> **Data block**
——————————
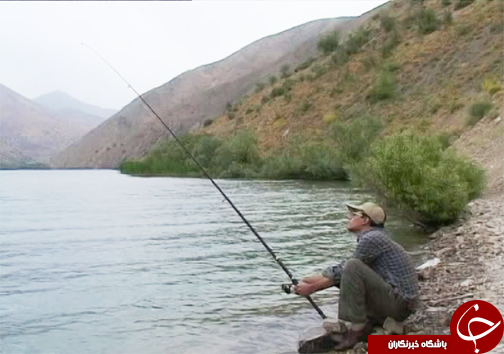 دریاچه گهر نگینی آبی زاگرس در دل کوه های اشترانکوه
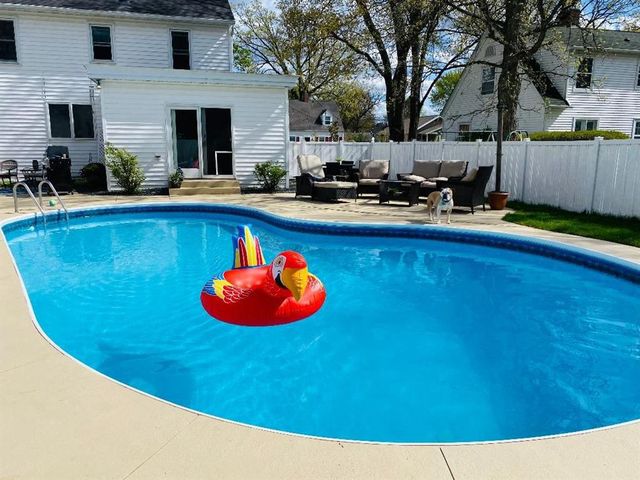810 Miles Street, Chippewa Falls, WI 54729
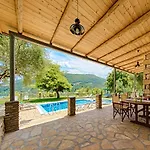 Villa Tireda * Marathiás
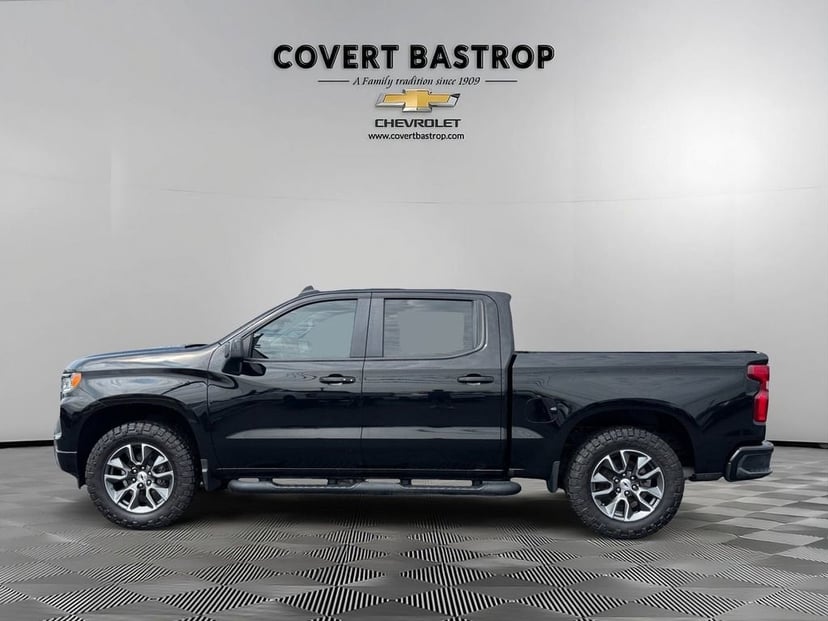 2022 Chevrolet Silverado 1500 - Image 2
——————————
> **Activity**
In the listing, find the line containing "Villa Tireda * Marathiás" and repeat it and every later line through the last one, word for word, excluding the pictures.

> **The answer**
 Villa Tireda * Marathiás
 2022 Chevrolet Silverado 1500 - Image 2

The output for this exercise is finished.